Controverse autour d’une arrestation musclée

«C’était une scène horrible, je ne croyais jamais voir ça dans un parc à Montréal», s’est désolée Leigh O’Brien, qui a filmé une partie de l’intervention qui s’est déroulée sous ses yeux.
Photo: Leigh O’Brien (capture d'écran) «C’était une scène horrible, je ne croyais jamais voir ça dans un parc à Montréal», s’est désolée Leigh O’Brien, qui a filmé une partie de l’intervention qui s’est déroulée sous ses yeux.

Une arrestation musclée survenue samedi au parc Jeanne-Mance suscite la controverse. Les témoins de l’intervention déplorent sa brutalité, tandis que le Service de police de la Ville de Montréal (SPVM) justifie les coups de poing infligés au suspect parce qu’il aurait mordu un des agents qui tentait de le maîtriser au sol.

Une vidéo largement partagée sur les réseaux sociaux montre cinq policiers tentant de procéder à l’arrestation d’un homme, dont on aperçoit le visage à quelques reprises. Trois autres agents forment une bulle autour d’eux. « Pourquoi l’étranglent-ils », peut-on entendre dans la séquence, quelques secondes avant de voir un agent lui asséner une série de coups de poing. « Arrête de mordre, arrête de mordre », est-il possible d’entendre au loin.

« C’était une scène horrible, je ne croyais jamais voir ça dans un parc à Montréal », se désole Leigh O’Brien, qui a filmé une partie de l’intervention qui s’est déroulée sous ses yeux. L’étudiante américaine, qui habite à Montréal depuis quelques mois, profitait du beau temps avec des amis au pied du mont Royal lorsqu’elle a vu les policiers encercler l’homme. « Je suis originaire des États-Unis et, avec tout ce qui est arrivé dans la dernière année, surtout le décès de George Floyd, ç’a été instinctif de filmer parce que je m’explique mal ce qui peut justifier un tel usage de la force », raconte-t-elle.

Son amie, Agnes Bebon, qui a aussi été témoin de l’intervention, est encore sous le choc. « Ce qu’on a vu nous démontre que la brutalité policière est un problème ici aussi, et je trouve ça effrayant », dit la femme.

Les policiers se trouvaient dans le parc pour veiller au respect des règles sanitaires samedi dernier. En entrevue avec Le Devoir, le SPVM explique que l’usage de la force a été nécessaire après avoir interpellé un homme qui contrevenait au règlement municipal interdisant la consommation d’alcool sur le domaine public. « L’homme a refusé de collaborer avec les policiers et a adopté une posture de combat pendant l’interpellation », mentionne David Shane, porte-parole et conseiller au cabinet du directeur du SPVM.

Pour éviter une morsure, un des agents a utilisé ce qu’on qualifie de technique de diversion dans le jargon policier, dans ce cas-ci, les coups de poing.
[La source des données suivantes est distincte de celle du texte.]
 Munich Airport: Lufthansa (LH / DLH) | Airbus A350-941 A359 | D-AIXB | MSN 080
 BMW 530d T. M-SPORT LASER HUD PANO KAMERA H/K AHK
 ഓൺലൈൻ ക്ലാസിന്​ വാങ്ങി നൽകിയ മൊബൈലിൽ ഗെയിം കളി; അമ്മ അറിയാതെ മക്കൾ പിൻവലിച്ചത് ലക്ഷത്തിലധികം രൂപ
Après l’intervention, l’homme a été conduit au centre de détention et a été libéré sous promesse de comparaître. Il pourrait faire face à des accusations de voie de fait et d’entrave au travail des policiers. Un constat d’infraction de 100 $ lui a été remis pour avoir enfreint le règlement sur la consommation d’alcool sur le domaine public. Puisqu’il n’a pas encore été formellement accusé, son identité n’a pas été confirmée.
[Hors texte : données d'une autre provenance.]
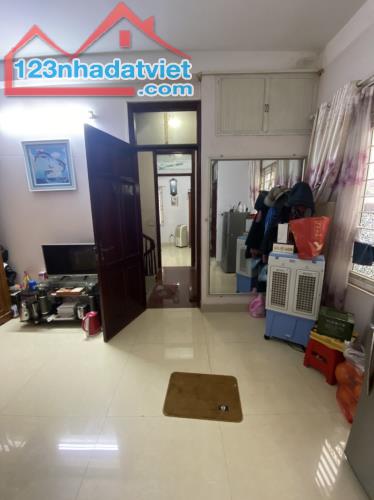 Bán nhà Phường Quan Hoa 52m2 MT68m ngõ thông – kinh doanh chỉ 6,8 tỷ .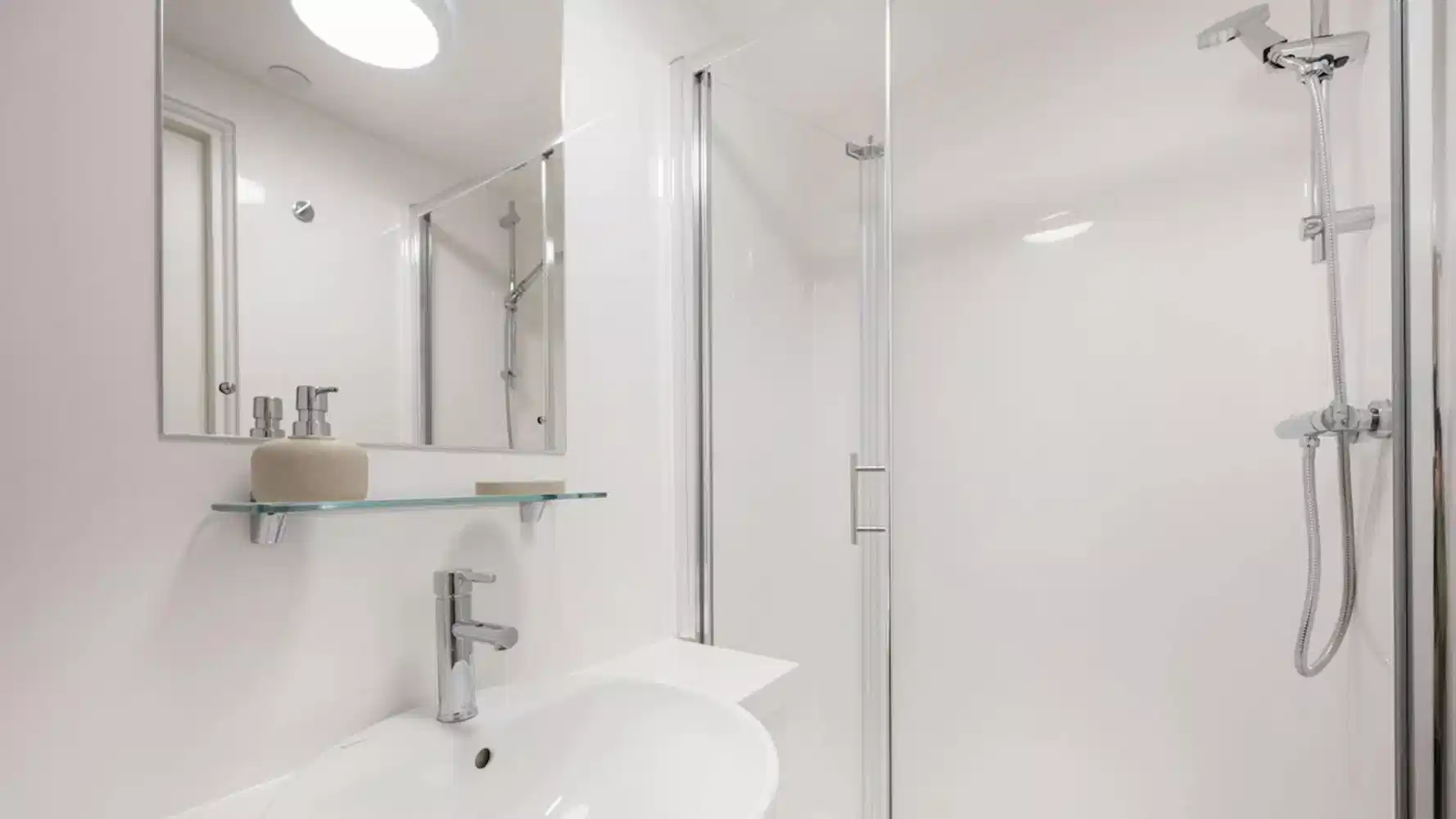 Deluxe Ensuite - Bathroom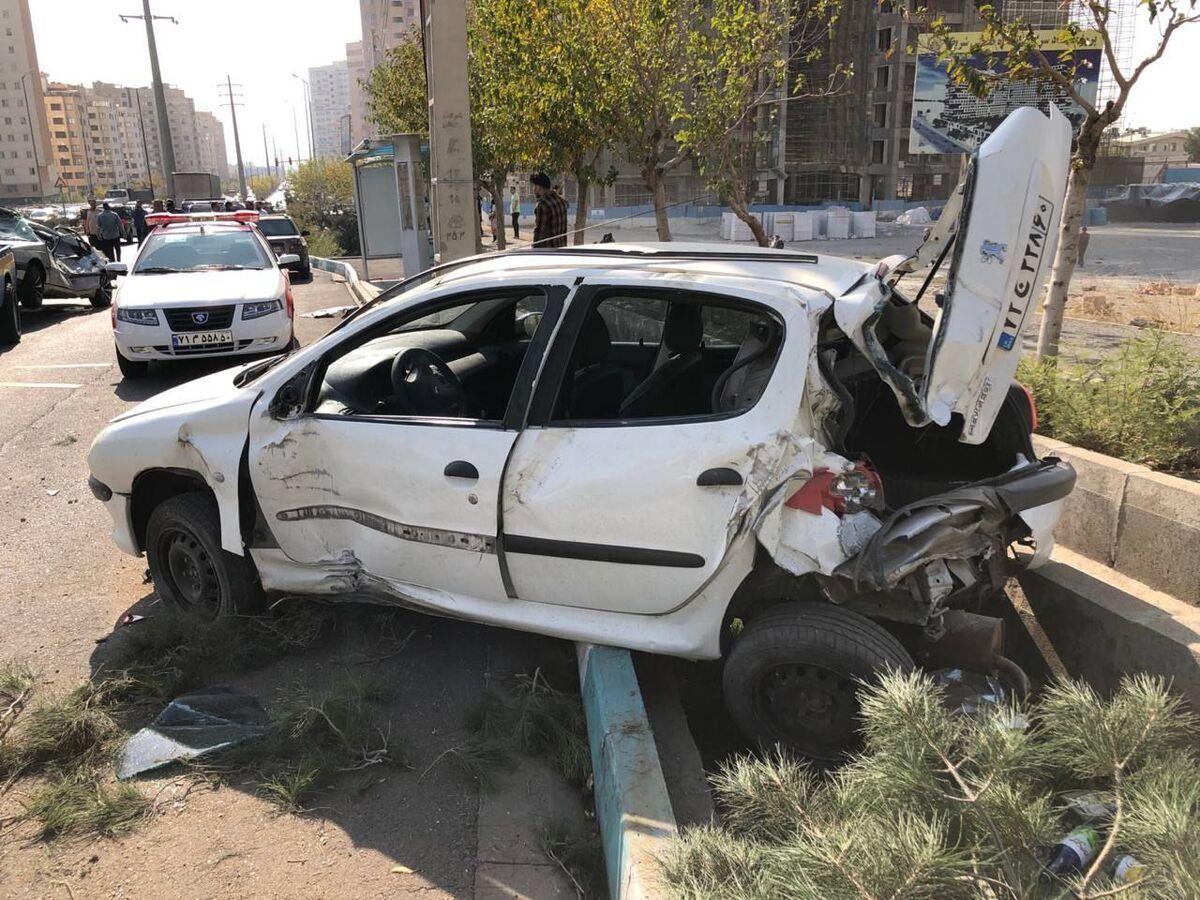 دعوا پس از تصادف رانندگی جان پدر و پسر را گرفت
Sur Instagram, l’homme a remercié les internautes qui lui ont fait parvenir des messages de soutien et a promis de donner prochainement davantage de détails sur ce qui est arrivé. L’homme semble depuis avoir pris part à la manifestation contre le couvre-feu dimanche soir. Au moment où ces lignes étaient écrites, il n’avait pas accordé d’entrevue au Devoir.

« Jamais beau à voir »

Superviseur retraité au SPVM, Stéphane Wall a analysé les images diffusées tout au long de la fin de semaine. « L’usage de la force, ce n’est jamais beau à voir », mentionne celui qui a consacré une partie de sa carrière à la formation sur l’usage judicieux de la force. « Il est important de distinguer les perceptions et la réalité. La technique utilisée par les policiers sur la vidéo survient lorsqu’il y a une résistance active de la part d’un suspect. L’objectif, c’est de créer un inconfort pour qu’il se laisse menotter », explique M. Wall. « On n’arrive pas jusque-là s’il n’y a pas eu résistance », souligne-t-il.

Cette récente vidéo prouve qu’il est urgent de repenser la sécurité publique, estime de son côté Marlihan Lopez, porte-parole de la Coalition pour le définancement de la police. « Ce qui me préoccupe, c’est d’imaginer la violence dont ils peuvent user lorsqu’il n’y a pas de témoins, s’ils se sont permis d’utiliser une force excessive devant une foule », note-t-elle.